The Lost: A Search for Six of Six Million by Daniel Mendelsohn- 2006- 517 Pages

 

The Lost: A Search for Six of Six Million by Daniel Mendelsohn- 2006- 530 Pages 



The Lost begins as the story of a boy who grew up in a family haunted by the disappearance of six relatives during the Holocaust. He was initially motivated by a cache of letters written by his grandfather. His lost relatives were seemingly betrayed. From this he develops a powerful drive to find out how his Jewish ancestors died in the Ukraine during the Hololocost. Mendelsohn sets out to find the remaining eyewitnesses to his relatives' fates. That quest eventually takes him to a dozen countries on four continents and forces him to confront the wrenching discrepancies between the histories we live and the stories we tell. And it leads him, finally, back to the small Ukrainian town where his family's story began, and where the solution to a decades-old mystery awaits him.


The book is part memoirs of his growing up, his education as a classics scholar fluent in Greek, Latin, as well Yiddish and some Russian and Ukrainian. Interwoven with his journey are accounts of Medieval Cabbalist thought and accounts of the history of the murder of Jews by Germans and Ukrainians. Everyone he encountered said "The Ukrainians were the worst".  

He sought out those who might have known his relatives, all now at least in their eighties. Soon he learned that some contacts had moved to New York City, some Australia, others Stockholm and Israel. He often traveled with his siblings.

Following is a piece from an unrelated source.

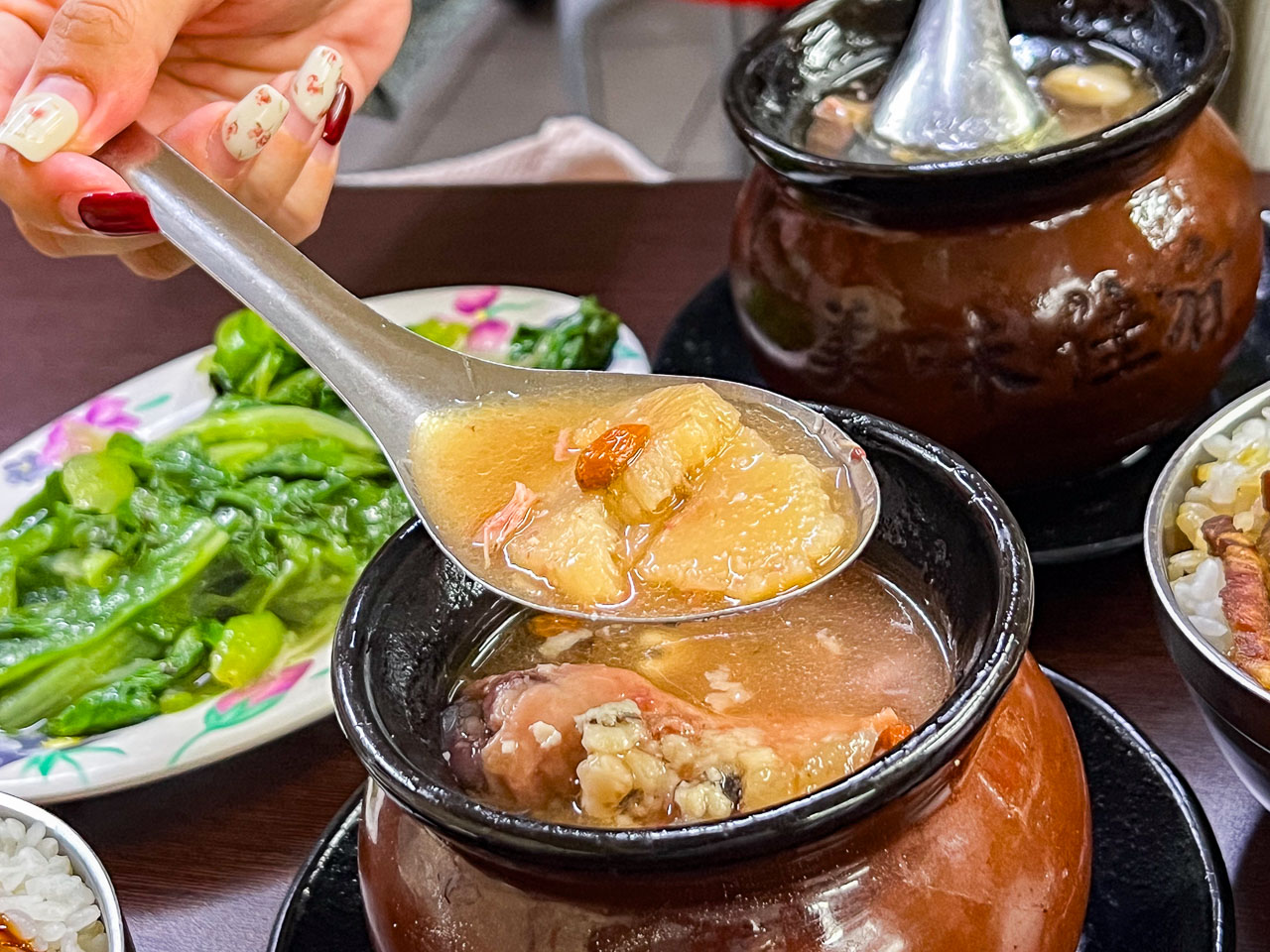 板橋美食,甕中甕炭火煨湯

Some contacts were eager to talk to him, most insisted he share large meals.  

This is a work of deep scholarship both in its account of the Holocaust in Ukraine and of Mendelsohn's fairly extensive explications of Torah commentary as it might serve to illuminate the Holocaust. It is also a deeply personal account of how Mendelsohn's upbringing shaped him.

"Daniel Mendelsohn is an internationally bestselling author, critic, essayist, and translator. Born in New York City in 1960, he received degrees in Classics from the University of Virginia and Princeton. After completing his Ph.D. he moved to New York City, where he began freelance writing full time; since 1991 he has been a prolific contributor of essays, reviews, and articles to many publications, most frequently The New Yorker and The New York Review of Books. He has also been a contributing editor at Travel + Leisure and a columnist for The New York Times Book Review, Harper’s, and New York magazine, where he was the weekly book critic. In February 2019, he was named Editor-at-Large of the New York Review of Books and the Director of the Robert B. Silvers Foundation, a charitable trust that supports writers of nonfiction, essay, and criticism.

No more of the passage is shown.